The novel begins just a few days before Christmas. Mrs. Elspeth McGillicuddy has been shopping in London and is now taking the train to visit her friend Miss Marple. Mrs. McGillicuddy has just wakened from a short nap when another train going in the same direction on a parallel track approaches. For a few moments, the two trains run side by side and Mrs. McGillicuddy happens to look through the window at the other train. What she sees shocks her: a man is strangling a young woman. The man has his back to the window, so Mrs. McGillicuddy can't really describe him, but she knows what she has seen. She tells the ticket collector, who doesn't really believe her, and when she arrives at the train station she sends a note about what she's seen to the stationmaster. A cursory inspection is made, but since there is no dead young woman on the train and Mrs. McGillicuddy can't describe the man she saw, nothing much is done about it. Upset at this inaction, and at the way she's been treated, Mrs. McGillicuddy tells Miss Marple what she saw. Miss Marple believes her implicitly and the two women tell the story to Sergeant Cornish of the local police. But no body is found and there's nothing to substantiate Mrs. McGillicuddy's story. Since Mrs. McGillicuddy has to leave very soon for Ceylon, Miss Marple agrees to look into the matter.
She soon figures out that the body must have been thrown from the train, and probably landed on the property around Rutherford Hall, the home of Luther Crackenthorpe. So she enlists the help of Lucy Eyelesbarrow, a well-known housekeeper/household manager who's much in demand. Miss Marple convinces Lucy to take a job at Rutherford Hall and while she's there, look for the body. Lucy is duly hired and immediately sets to work putting the Crackenthorpe household in order and doing her own investigations. It's not long before she finds the body and when she does, the authorities begin a full-scale investigation. No-one in the Crackenthorpe family knows the as-yet-unidentified dead woman, and at first, it seems that the body was just put there for convenience - so the murderer could get rid of it. But the more Lucy Eyelesbarrow, the police and Miss Marple learn about the Crackenthorpes, the more likely it is that there may be a connection between the family and the dead woman. In the end, the dead woman's identity proves crucial to the case and when Miss Marple figures out who the victim was, she finds out who the killer was, too.
One of the elements that runs through this story and might very well have been Christie's way of commenting on her society is ageism, especially when it comes to elderly women. Mrs. McGinty is a smart, very practical person who's neither a liar nor fanciful. That's part of the reason why Miss Marple believes her story. No-one else seems to, though, and her story is almost indulgently put aside, in part because she's an elderly lady. In fact, Inspector Bacon, who's called in after the body is found, says:
"As far as all that goes [Mrs. McGillicuddy's story of seeing the strangling], I dare say it's just make believe - sort of thing old ladies do make up, like seeing flying saucers at the bottom of the garden…"
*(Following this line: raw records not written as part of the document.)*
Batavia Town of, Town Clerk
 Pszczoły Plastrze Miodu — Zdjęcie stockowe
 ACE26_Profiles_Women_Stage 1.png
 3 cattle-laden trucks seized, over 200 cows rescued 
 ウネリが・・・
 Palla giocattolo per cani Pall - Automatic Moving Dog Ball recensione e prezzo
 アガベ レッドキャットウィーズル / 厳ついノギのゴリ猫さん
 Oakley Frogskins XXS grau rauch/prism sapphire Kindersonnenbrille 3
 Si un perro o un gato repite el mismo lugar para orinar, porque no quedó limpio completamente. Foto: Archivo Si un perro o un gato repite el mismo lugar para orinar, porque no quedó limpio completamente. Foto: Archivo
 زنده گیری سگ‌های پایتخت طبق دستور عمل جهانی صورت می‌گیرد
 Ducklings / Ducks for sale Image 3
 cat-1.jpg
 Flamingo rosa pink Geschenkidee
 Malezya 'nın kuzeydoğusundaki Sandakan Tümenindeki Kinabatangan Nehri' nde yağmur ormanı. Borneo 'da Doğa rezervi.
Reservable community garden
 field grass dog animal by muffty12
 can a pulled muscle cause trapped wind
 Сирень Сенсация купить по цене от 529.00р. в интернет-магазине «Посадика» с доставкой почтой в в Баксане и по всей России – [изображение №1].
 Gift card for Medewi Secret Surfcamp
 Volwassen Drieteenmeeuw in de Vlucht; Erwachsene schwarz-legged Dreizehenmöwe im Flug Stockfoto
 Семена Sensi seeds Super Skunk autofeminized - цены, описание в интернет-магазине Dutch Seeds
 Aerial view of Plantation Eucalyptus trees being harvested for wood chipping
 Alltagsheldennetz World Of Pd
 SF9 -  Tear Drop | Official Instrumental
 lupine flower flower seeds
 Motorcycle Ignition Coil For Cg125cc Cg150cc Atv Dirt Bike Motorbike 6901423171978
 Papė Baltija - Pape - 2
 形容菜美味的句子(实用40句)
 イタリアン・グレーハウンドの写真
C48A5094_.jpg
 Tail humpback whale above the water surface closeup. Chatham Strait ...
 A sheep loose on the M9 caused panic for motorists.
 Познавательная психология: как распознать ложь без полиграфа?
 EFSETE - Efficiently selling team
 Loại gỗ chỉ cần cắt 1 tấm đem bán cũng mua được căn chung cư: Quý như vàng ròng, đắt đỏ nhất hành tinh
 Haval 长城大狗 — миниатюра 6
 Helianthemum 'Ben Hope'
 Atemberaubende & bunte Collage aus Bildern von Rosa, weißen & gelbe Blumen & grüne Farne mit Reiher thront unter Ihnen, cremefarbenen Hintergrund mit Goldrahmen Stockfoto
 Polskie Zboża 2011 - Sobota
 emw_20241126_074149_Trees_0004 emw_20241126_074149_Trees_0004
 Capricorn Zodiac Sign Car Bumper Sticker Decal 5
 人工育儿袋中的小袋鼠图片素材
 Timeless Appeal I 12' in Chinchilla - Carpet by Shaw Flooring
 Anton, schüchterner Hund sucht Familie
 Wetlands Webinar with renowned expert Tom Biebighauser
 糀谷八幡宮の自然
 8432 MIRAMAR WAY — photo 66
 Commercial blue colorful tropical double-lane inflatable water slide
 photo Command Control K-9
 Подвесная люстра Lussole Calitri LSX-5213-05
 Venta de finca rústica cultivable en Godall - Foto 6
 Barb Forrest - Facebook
…and he's even got a body to substantiate Mrs. McGillicuddy's story.
Another element we see in this novel is the dynamics in the Crackenthorpe family. Old Luther Crackenthorpe is a miser who had a falling-out with his father when he chose not to enter the family business. So his father left his considerable fortune not to his son, but to his grandchildren. Luther Crackenthorpe is bitter because of this and determined to outlive his children just to spite his father. For their part, Crackenthorpe's children bring a variety of different personalities into the family "mix." Harold Crackenthorpe is the "good son." He behaves circumspectly, has a prosperous job in the city and has married a "proper" wife. He is also desperate for money, since his firm is not doing nearly as well as it appears on the surface. Alfred Crackenthorpe is the "black sheep." He's has had his share of narrow brushes with the law and gotten involved in some shady deals but so far he's not been prosecuted. He, too, is in real need of money. Cedric Crackenthorpe is the family Bohemian. He lives on the island of Iviza and on the surface, has no respect for family traditions or his proper upbringing. Emma Crackenthorpe has never married. She's remained at home to care for the household and her aging father. She's no frumpy stereotypical spinster, though. She's smart, capable and has a distinctive personality. When these very disparate people are brought together for the Christmas holiday, conflicts among them are inevitable and those conflicts add an interesting layer to the story. The tension among them is ratcheted up, too, when it becomes clear that one of them may have murdered the victim.
Moving through it all, seemingly unruffled, is Lucy Eyelesbarrow. She's perhaps the most interesting character in the novel, and it's easy to see why Jane Marple asks her to be her "eyes and ears" in this case. Lucy has a first-class Oxford degree but has
"…a core of good, sound common sense. She could not fail to observe that a life of academic distinction was singularly ill-rewarded. She had no desire whatever to teach and she took pleasure in contacts with minds much less brilliant than her own. In short, she had a taste for people, all sorts of people - and not the same people the whole time…Lucy Eylesbarrow hit at once upon a very serious shortage - the shortage of any kind of skilled domestic labor. To the amazement of her friends and fellow scholars, Lucy Eylesarrow entered the field of domestic labor."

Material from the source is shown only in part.